El riego por goteo es un sistema de irrigación que consiste
en proporcionar agua justo al pie de cada planta, en la zona de influencia de
las raíces, por medio de un sistema de válvulas, tuberías y emisores. Este
sistema permite que las plantas reciban el agua suficiente para que se
desarrollen de manera óptima. Ha sido uno de los grandes avances en la
agricultura, debido a que permite la utilización controlada del agua, sin
desperdiciarla.
El riego por goteo ha sido utilizado desde tiempos antiguos,
cuando se enterraban recipientes de arcilla llenos de agua. Ese sistema permitía
que el agua se filtrara lentamente en el suelo. El sistema de irrigación por
goteo como se conoce en la actualidad, comenzó a desarrollarse en Afganistán, en
1866. Algunos investigadores comenzaron a usar tubos de arcilla para crear
sistemas combinados de irrigación y drenaje. En la década de 1920, se
introdujeron en Alemania las tuberías perforadas y en 1934, O.E. Nobey probó la
irrigación a través de mallas de lona porosa. Luego de la Segunda Guerra
Mundial, la aparición de los plásticos modernos permitió un mayor avance al
riego por goteo. En Europa y Estados Unidos, comenzaron a usarse tuberías de
plástico y varias clases de emisores o goteros en el riego de invernaderos.
La tecnología moderna de este sistema de irrigación fue
inventada por Simcha Blass y su hijo Yeshayahu en Israel. El agua pasaba por
conductos más grandes y largos, para evitar los bloqueos constantes que se
producían con los sistemas de pequeños agujeros. Usaron la velocidad para
aflojar el paso del agua dentro de emisores plásticos. El sistema fue un éxito y
en la década de 1960 estaba esparcido en varias partes del mundo. Con el tiempo,
se han realizado numerosas mejoras para disminuir la frecuencia de goteo y
disminuir la tendencia a obstruirse.
El riego por goteo ha sido un importante avance al lograr
aportar la humedad constante hacia las raíces gota por gota, permitiendo el
desarrollo óptimo de las plantas. El agua es conducida desde el abastecimiento,
a través de sistemas de tuberías, y mediante los emisores, se libera el agua
gota a gota, justo en las raíces de cada planta.
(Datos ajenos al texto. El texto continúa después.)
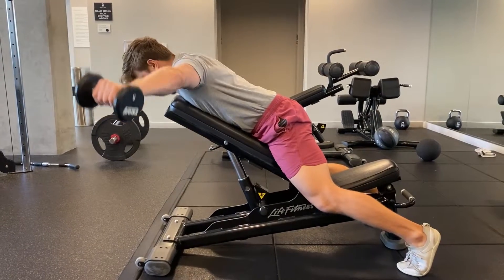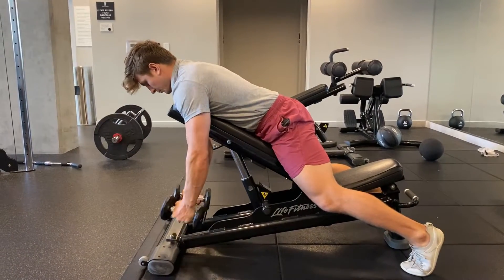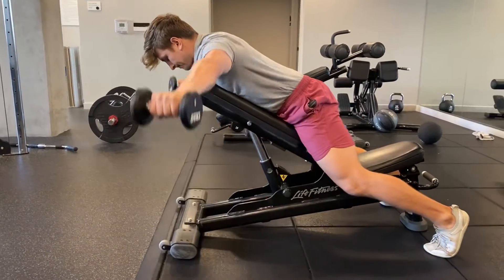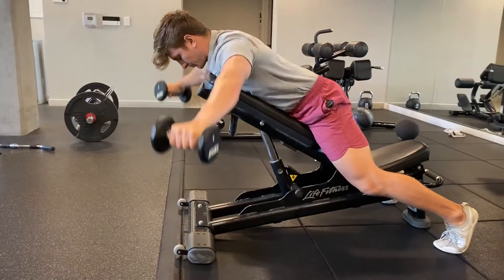To do the chest supported rear delt raise, focus on reaching long side to side in a sweeping motion. This is a great exercise to target the upper back, the mid traps, and the rear delts.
El agua provoca una zona
específica de humedad, por lo que sólo se moja el área del suelo utilizado por
la planta para el desarrollo de sus raíces. Las raíces, entonces, sólo se
expanden dentro de esa zona específica, denominada “bulbo húmedo”, posibilitando
un mayor provecho de las tierras para el cultivo.
Entre las ventajas del riego por goteo encontramos: reducción
de la evaporación del suelo, que disminuye considerablemente la necesidad de
agua. Posibilidad de automatizar el sistema de irrigación, disminuyendo la mano
de obra. Mejor control de las dosis de aplicación. Utilización de aguas más
salinas, por mantenerse alta la humedad en el bulbo húmedo. Posibilidad de
adaptarse a los terrenos rocosos y con pendientes. Disminuye el desarrollo de
malezas en las zonas no regadas. Permite la utilización controlada de
nutrientes. Además, permite el uso de aguas residuales al evitar que se
dispersen gotas con patógenos en el aire.
Entre sus desventajas se encuentran: es un sistema que
requiere mucho dinero para su instalación, debido a las numerosas tuberías y
emisores necesarios. El sol puede dañar las tuberías. Hay posibilidades de
obstrucción si el agua no se filtra apropiadamente y si el equipamiento no se
mantiene de manera adecuada. Pude ser insatisfactorio si los fertilizantes deben
ser rociados para activarse. Si no se instala el sistema de riego por goteo correctamente, puede haber
desperdicio de agua, tiempo y cosecha. Requiere un estudio cuidadoso de los
principales factores como topografía del terreno, suelo, agua, condiciones de
cultivo y agroclimáticas, entre otros.